Even at the low concentrations measured, pesticides can lead to so-called sublethal, i.e. not directly fatal, effects on organisms, the researchers explain. A reduction in egg laying is conceivable for butterflies. However, until now it is largely unclear what effect chronic exposure to pesticides in low concentrations and mixtures of different pesticides has.
Such mixtures would not be taken into account in the environmental risk assessment as part of the approval process, but the substances would be considered separately. “This has nothing to do with the reality of the applications in the field or in the orchard and the fate in the environment,” says Brühl.
In total, the researchers detected 27 pesticides: 10 insecticides, 11 fungicides and 6 herbicides. “The concentrations we found were not high, but it has been proven that pesticides affect soil life even at very low concentrations,” explains co-author Johann Zaller from the University of Natural Resources and Life Sciences in Vienna (BOKU).
The measurements were also carried out in early May and, according to the researchers, additional resources were deployed during the growing season until harvest.
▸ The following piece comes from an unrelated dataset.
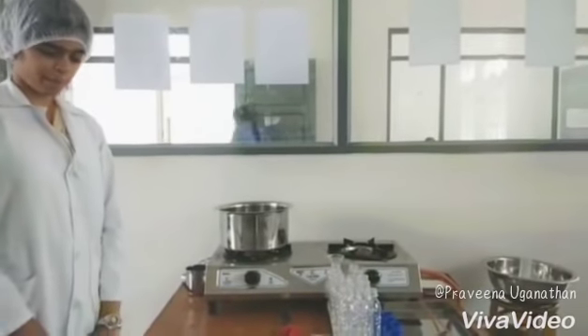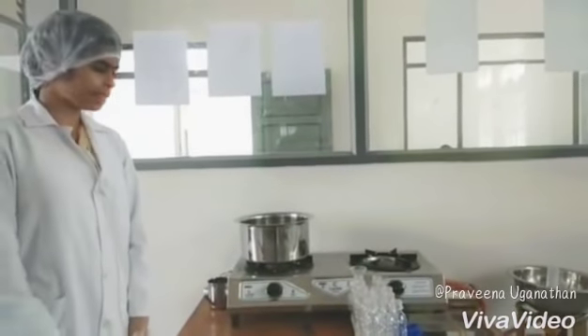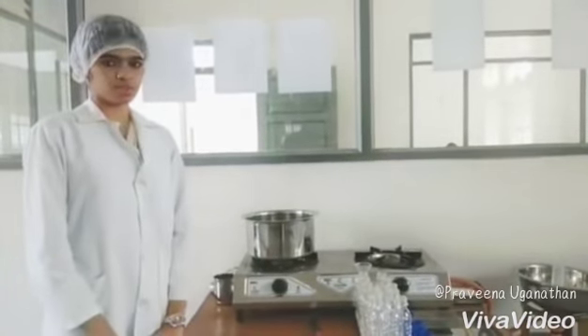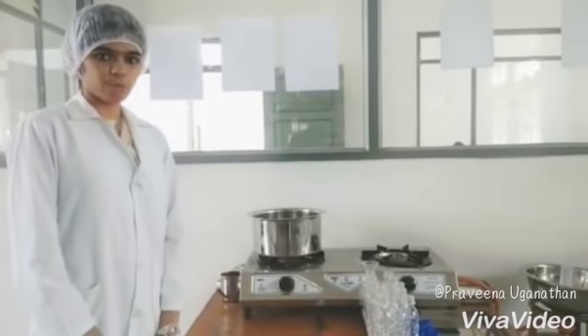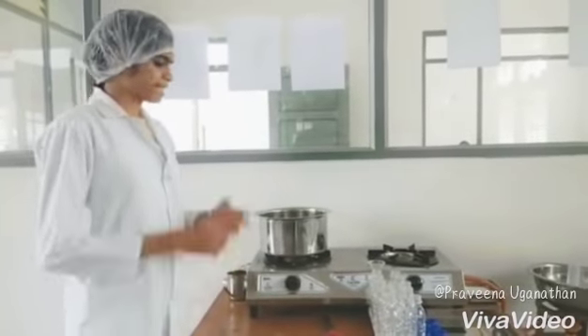Good day to all. We, the students of food technology, are preparing various types of carbonated beverages. I'm here to demonstrate the preparation of orange beverage, which includes five main steps: sterilization, preparation of sugar syrup, adding the ingredients and mixing with a magnetic stirrer, chilling, and filling and packaging.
In conventional cultivation, on average dozens of pesticide applications are common during the season, making more complex mixtures of multiple substances and temporarily higher concentrations likely.
According to the analysis, valley meadows near apple orchards were particularly contaminated, but pesticide residues were even found in remote mountain meadows at an altitude of more than 2,000 meters. One of the substances found was the insecticide methoxyphenozide. It was said to be found in almost half of soil and plant samples. In Germany, the use of methoxyphenozide has been banned since 2018 due to its environmental damage.
The team concludes from the results that the technology for applying pesticides in apple cultivation obviously needs to be improved. A drastic reduction in the use of pesticides is necessary. It is also important to promote the so-called functional biodiversity in the apple orchards and their environment – for example with natural, flowery grassland to provide more living space for natural opponents of apple pests. However, there is also demand from consumers and supermarkets, the researchers said: More acceptance is needed of apples that do not look as perfect, as is often the case when fewer or no pesticides are used. (sda/dpa)
Soource :Watson
I am Amelia James, a passionate journalist with a deep-rooted interest in current affairs. I have more than five years of experience in the media industry, working both as an author and editor for 24 Instant News. My main focus lies in international news, particularly regional conflicts and political issues around the world.